The Pope addressed more than 100 officials and legal experts at a summit on human trafficking on June 3-4, sponsored by the Pontifical Academy of Social Sciences.
The Church must "stick its nose into politics" in order to help serve survivors of human trafficking, he said. "Politics is one of the highest forms of love and charity," he added, quoting Pope Paul VI.
The conference attracted judges and prosecutors from around the globe, who discussed their experiences of tackling human trafficking and making proposals for better national and transnational action to combat the growing issue.
Francis urged judges to lead in the fight against human trafficking and keep vigilant against injustice.
"I know, too, that to be a judge today, to be a public prosecutor and state attorney means risking your life," he said.
The judicial authorities are crucial in the defence of "the dignity and freedom of men and women today," he said. In particular, "to eradicate human trafficking and smuggling and the new forms of slavery such as forced labour, prostitution, organ trafficking, the drug trade and organised crime."
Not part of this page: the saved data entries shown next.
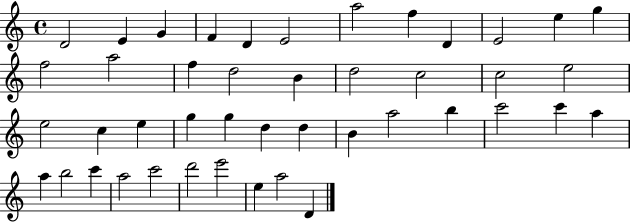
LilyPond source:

{
  \clef treble
  \time 4/4
  \defaultTimeSignature
  \key c \major
  d'2 e'4 g'4 | f'4 d'4 e'2 | a''2 f''4 d'4 | e'2 e''4 g''4 | \break f''2 a''2 | f''4 d''2 b'4 | d''2 c''2 | c''2 e''2 | \break e''2 c''4 e''4 | g''4 g''4 d''4 d''4 | b'4 a''2 b''4 | c'''2 c'''4 a''4 | \break a''4 b''2 c'''4 | a''2 c'''2 | d'''2 e'''2 | e''4 a''2 d'4 | \break \bar "|."
} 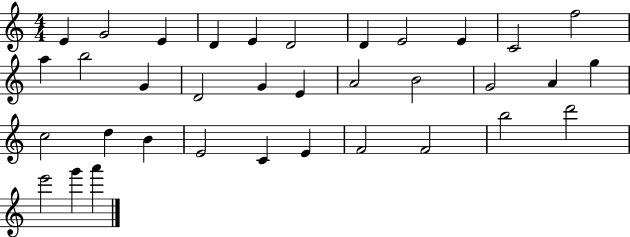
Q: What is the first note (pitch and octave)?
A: E4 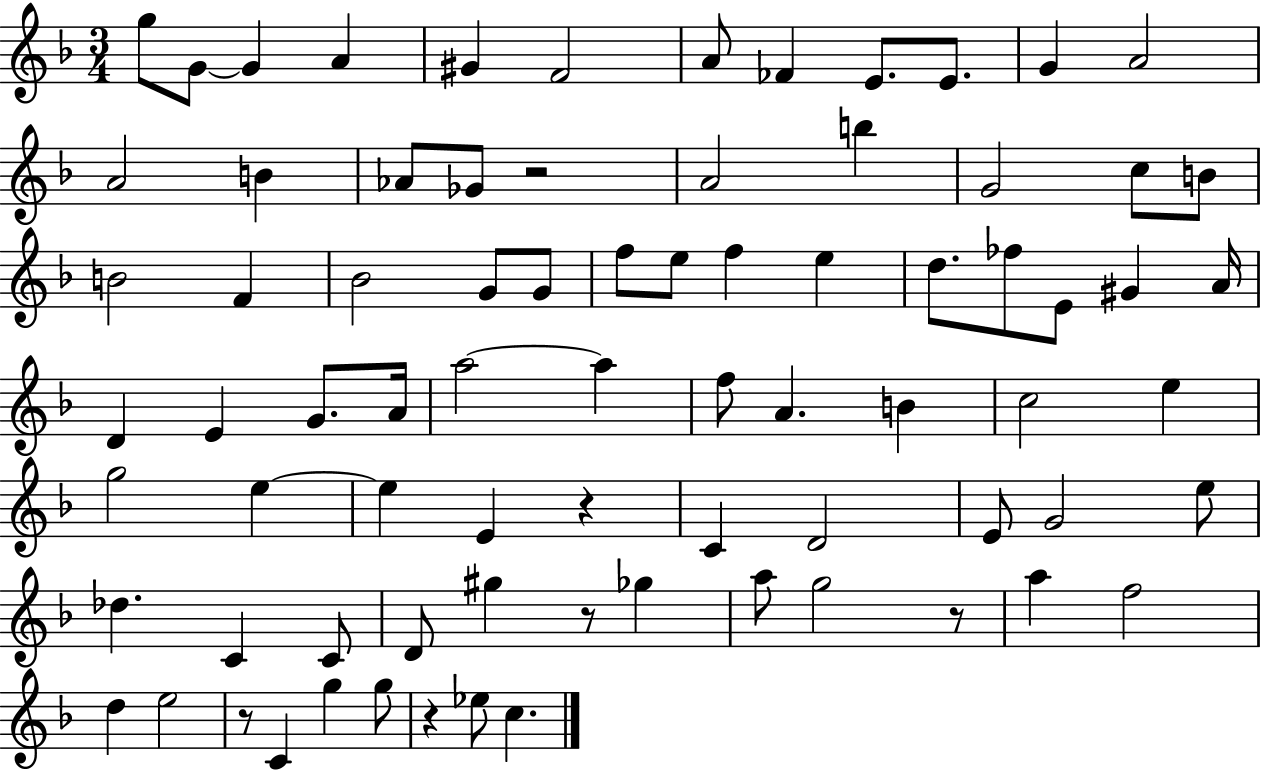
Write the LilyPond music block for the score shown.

{
  \clef treble
  \numericTimeSignature
  \time 3/4
  \key f \major
  g''8 g'8~~ g'4 a'4 | gis'4 f'2 | a'8 fes'4 e'8. e'8. | g'4 a'2 | \break a'2 b'4 | aes'8 ges'8 r2 | a'2 b''4 | g'2 c''8 b'8 | \break b'2 f'4 | bes'2 g'8 g'8 | f''8 e''8 f''4 e''4 | d''8. fes''8 e'8 gis'4 a'16 | \break d'4 e'4 g'8. a'16 | a''2~~ a''4 | f''8 a'4. b'4 | c''2 e''4 | \break g''2 e''4~~ | e''4 e'4 r4 | c'4 d'2 | e'8 g'2 e''8 | \break des''4. c'4 c'8 | d'8 gis''4 r8 ges''4 | a''8 g''2 r8 | a''4 f''2 | \break d''4 e''2 | r8 c'4 g''4 g''8 | r4 ees''8 c''4. | \bar "|."
}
He suggested that judges work together, creating a network to collaboratively fight "the new slave hunters".
He celebrated judges who managed to remain impartial, free from external pressures of government, private institutions and criminal organisations.
He said it was essential that judges remain free from these pressures as without impartial judicial authorities, judicial power is at risk of corruption.
He insisted that punishment of perpetrators "must not be an end in itself", but rather justice must offer a means of rehabilitation beause "there is no valid punishment without [offering] hope".
Pope Francis reiterated his call for the abolition of the death penalty, where "the only hope is left to go to the next world."
Judges should focus "on the needs of the victims", he said, as "the victims are the first who need to be rehabilitated and reintergrated into society".
It is "the greatest good we can do for them, for community and for social peace".